We are looking for a skilled Data Engineer (Big Data) to join our data platform team. In this role, you will design, build, and maintain scalable data pipelines and infrastructure that support analytics, reporting, and machine learning workloads. Youll work closely with data scientists, analysts, and backend teams to ensure reliable, high-quality data delivery across the organization.

Key Responsibilities :

- Design, develop, and maintain scalable data pipelines and ETL/ELT processes for structured and unstructured data.

- Build and optimize data lake and data warehouse architectures on cloud or on-premise environments.

- Work with large-scale Big Data frameworks (Hadoop, Spark, Kafka, Flink, etc.) to process and analyze high-volume datasets.

- Implement data ingestion, transformation, and storage solutions using modern tools and cloud services.

- Collaborate with data analysts and scientists to understand data requirements and design efficient data models.

- Ensure data quality, consistency, and security across all systems.

- Optimize data workflows for performance, scalability, and cost efficiency.

- Implement monitoring, logging, and alerting for data pipeline reliability.

- Contribute to data governance, metadata management, and documentation practices.

Required Skills and Qualifications :

- Bachelors or Masters degree in Computer Science, Information Systems, or related field.

- 3+ years of hands-on experience in data engineering or Big Data development.

- Strong proficiency in programming languages such as Python, Scala, or Java.

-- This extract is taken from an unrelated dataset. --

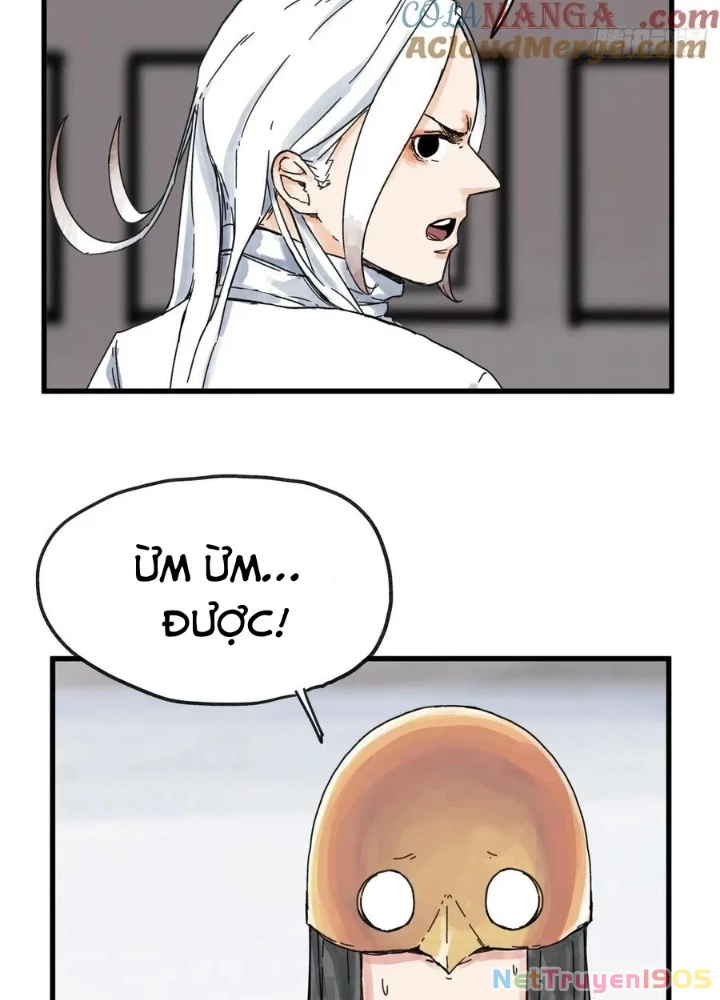 Hiệp Khách Hành Bất Thông Chapter 79 - Trang 2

- Hands-on experience with Big Data tools - Hadoop, Spark, Hive, Kafka, or Flink.

- Expertise in ETL/ELT development and workflow orchestration tools (e.g., Airflow, NiFi, Luigi).

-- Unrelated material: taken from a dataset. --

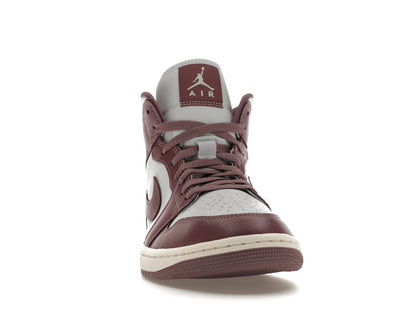 Jordan 1 Mid Sky J Muave (Women's)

- Strong knowledge of SQL and experience with relational databases (PostgreSQL, MySQL) and NoSQL systems (MongoDB, Cassandra, HBase).

- Experience with cloud-based data platforms such as AWS (EMR, Glue, Redshift), Azure (Synapse, Data Factory), or GCP (BigQuery, Dataflow).

- Familiarity with data lake and data warehouse design principles.

- Solid understanding of data modeling, partitioning, and schema evolution.

- Proficiency with version control (Git) and CI/CD practices for data pipelines.

Preferred Qualifications:

- Experience with Delta Lake, Apache Iceberg, or Snowflake.

- Knowledge of containerization and orchestration (Docker, Kubernetes).

- Familiarity with machine learning pipelines and data science workflows.

- Understanding of data security, compliance (GDPR, HIPAA), and governance principles.

- Strong problem-solving skills and ability to work in agile, fast-paced environments.